We were enchanted about how willing they were to take stand behind the machine for tamping and steaming advice and practising.

Haike, Marco, Tim, Stijn, Dieter, Bo, Walter, Myriam, Benno, Kurt, Fré, Frank, Geerte, Saartje, Karl, Thomas, Eric and Michael. Thanks for coming and hopefully you learned stuff you'll never forget. Spread the word and our goal to get people in Belgium drinking better coffee comes closer and closer and closer and .....


Tuesday, May 1, 2007

And the Dutch winner is ...

Not so much information available, but sure thing is Louis, owner of 'Café De Blonde Pater' from Nijmegen, did it again. If there's one person who knows what a championship is all about, it's him. Number one and two are again Louis' pupils.

1) Liesbeth Sleijster
2) Liane Van De Braak
3) Yakup Aydin (restaurant 't Jagershuis)

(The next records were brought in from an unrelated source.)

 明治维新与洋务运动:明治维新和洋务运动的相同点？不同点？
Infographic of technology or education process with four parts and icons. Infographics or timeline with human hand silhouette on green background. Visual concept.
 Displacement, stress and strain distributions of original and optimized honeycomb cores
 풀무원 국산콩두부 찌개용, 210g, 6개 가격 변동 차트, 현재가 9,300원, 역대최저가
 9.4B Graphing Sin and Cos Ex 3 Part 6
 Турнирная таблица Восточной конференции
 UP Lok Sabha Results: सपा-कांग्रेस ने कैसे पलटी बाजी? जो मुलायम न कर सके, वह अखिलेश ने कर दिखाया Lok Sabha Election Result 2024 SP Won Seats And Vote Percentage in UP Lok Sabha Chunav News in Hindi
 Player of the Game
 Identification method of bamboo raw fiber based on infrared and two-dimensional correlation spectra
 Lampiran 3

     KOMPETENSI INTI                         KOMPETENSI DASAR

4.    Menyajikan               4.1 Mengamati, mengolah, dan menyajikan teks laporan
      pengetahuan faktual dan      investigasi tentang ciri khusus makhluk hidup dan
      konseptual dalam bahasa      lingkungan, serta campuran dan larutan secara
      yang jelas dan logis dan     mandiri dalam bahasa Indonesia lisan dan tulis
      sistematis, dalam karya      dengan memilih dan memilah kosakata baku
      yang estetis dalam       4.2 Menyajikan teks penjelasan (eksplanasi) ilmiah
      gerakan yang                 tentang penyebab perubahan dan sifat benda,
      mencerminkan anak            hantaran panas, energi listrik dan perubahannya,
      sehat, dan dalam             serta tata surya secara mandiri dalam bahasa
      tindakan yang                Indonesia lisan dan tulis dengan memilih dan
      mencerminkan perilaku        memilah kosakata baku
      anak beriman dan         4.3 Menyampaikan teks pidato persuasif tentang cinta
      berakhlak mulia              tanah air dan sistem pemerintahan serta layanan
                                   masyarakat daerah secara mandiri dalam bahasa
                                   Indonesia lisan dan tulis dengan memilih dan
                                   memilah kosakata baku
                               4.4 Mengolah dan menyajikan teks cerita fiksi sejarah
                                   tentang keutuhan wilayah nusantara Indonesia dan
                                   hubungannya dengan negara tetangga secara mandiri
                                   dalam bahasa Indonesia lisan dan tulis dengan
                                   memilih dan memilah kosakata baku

At the same time Friesche Vlag also offered milk for the Latte Art Championship. We know Rose Van Asten her fabulous milk texturing and pouring technique and she demonstrated these again with winning the competition.

I get a bit confused by all the mixed information coming in, but if i don't get wrong it's Rose who's heading to Tokyo for defending the Dutch honour at the WBC. Good luck.

Last but not least there was a special medal for Henk from ESW (who also delivered the necessary La Marzocco machinery). Well deserved if you ask me. Congrats Henk.